Scout explains she doesn't remember learning how to read, but it seems she always knew how. Boo was eventually brought back to the Radley home. The physical representation of this facet of childhood is represented in Jem's daring rush into the Radleys' yard, in which he enters a space that has been fundamentally condemned by the entire town. Blackstone's Commentaries one of the most important books ever written on British law, written by Sir William Blackstone 1723—80; Eng. Scout and Dill's relationship, though close, is still childish and innocent, as shown in the end of the chapter.
While Scout's version allows people to get better through individual choice, in Aunt Alexandra's eyes, quality is a function of time more than anything. From Meridian, Mississippi, Dill will be spending the summer at the nearby house of Miss Rachel Haverford, his aunt. Scout learns that black people help one another like each one is family. . In this chapter, Atticus demonstrates his excellent skills as a lawyer. After the service, Reverend Syke's takes up a collection of money for Tom Robinson's wife, who has not been able to find work since her husband was brought up on charges of raping a white woman.
What is the name of the odd family in Maycomb? Then Dill suggests that they have a baby together, and even though he knows how babies are made, he makes up a long dreamy story about a magic island where babies are collected like flowers. When Scout explains that Walter can't pay back the lunch money Miss Caroline offered, the teacher taps Scout's hand with a ruler and makes her stand in the corner of the room. Later, toward the end of the school year, Jem and Scout find two polished Indian-head pennies, good luck tokens, inside the same knothole. At the window, Scout and Jem hoist Dill up to peek in the window. The chapter establishes that Atticus can relate to all kinds of people, including poor farm children.
Aunt Alexandra tells Scout she cannot go back the next Sunday. However, Jem can remember his mother and Scout notices that he is occasionally nostalgic about her. Scout and Jem begin to notice that where they go about town, people seem to be whispering about them. Scout observes , whom she considers to be a rather good, sensible judge. Looking for a friendly face in the group, she recognizes Mr. Here we see how the law, which is meant to protect people, can sometimes be harmful if followed too absolutely.
Dill and Scout keep watch in case anyone comes along, and Jem tries to deliver the note with the fishing pole, but finds that it's harder to maneuver than he expected. The children don't understand prejudice at its basest level, and Calpurnia seems to not possess it either. After this, they hear a voice nearby and Mr. However, Scout doesn't feel sorry for her considering her unfriendly treatment that morning. Aunt Alexandra would be quick to say that the finest black woman can't ever be a proper role model for a white child.
Her teacher, Miss Caroline Fisher, is 21 years old and new to the Maycomb County schools. Dill makes up a story about playing strip poker to explain Jem's missing pants, and Jem says they were playing with matches rather than cards, which would be considered unforgivable. However, Jem and Scout lack the pride that Aunt Alexandra considers commensurate with being a Finch. This speech demonstrates the gulf between blacks and whites in Maycomb: not only do class distinctions and bigotry divide the two races, but language does as well. That night Atticus finally came home from working with the State.

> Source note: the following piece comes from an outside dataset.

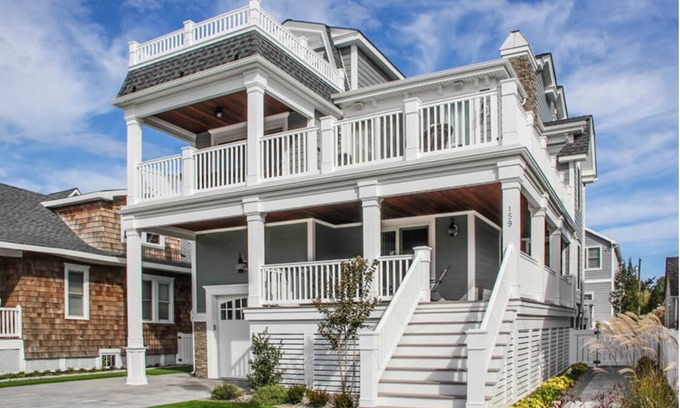 Avalon House | 159 26th Street - Spacious home in the heart of Avalon, two blocks to beach.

When the children return home, they find Aunt Alexandra waiting for them. Rather, the law must change to accommodate them and protect the children, who should not have to suffer needlessly. All the other children in the class understand this: growing up in this setting teaches children that people can behave a certain way simply because of the family or group that they come from. For some time now, Scout and Jem have railed against people who insulted Atticus' decision to defend Tom. Radley, but Jem insists on going. They sneak under a wire fence and go through a gate. Walter hesitates but then takes Jem up on the friendly offer.
Ewell is the next witness. Alexandria would condemn almost any other type of lifestyle and Jem thought it was funny because he thought that one day she would start a fight or something. Simply because of their racial prejudice, the townspeople are prepared to accept the word of the cruel, ignorant Bob Ewell over that of a decent black man. Scout and Jem listen intently to everything that is said in the courtroom. In the packed courthouse, the children have trouble getting seats until helps them find seats upstairs in the balcony where the black people sit. Mayella doesn't seem to have any friends.
Cunningham about his son despite being surrounded by a hostile lynch mob. For instance, when various domesticated animals are mutilated and killed, townspeople still suspect Boo even after Crazy Addie is found guilty of this violence. Jem and Dill follow her, and Atticus orders Jem to go home. Cannas any of a genus Canna broad-leaved tropical plants, often grown for ornament because of the striking foliage and brilliant flowers. The children's attempts to connect with Boo evoke, again, the sense that children will be able to see Boo with more decency and sincerity than the rest of the populace. Dill's story about his experiences with his parents show Scout how much she has to be grateful for. The family lost its wealth in the Civil War.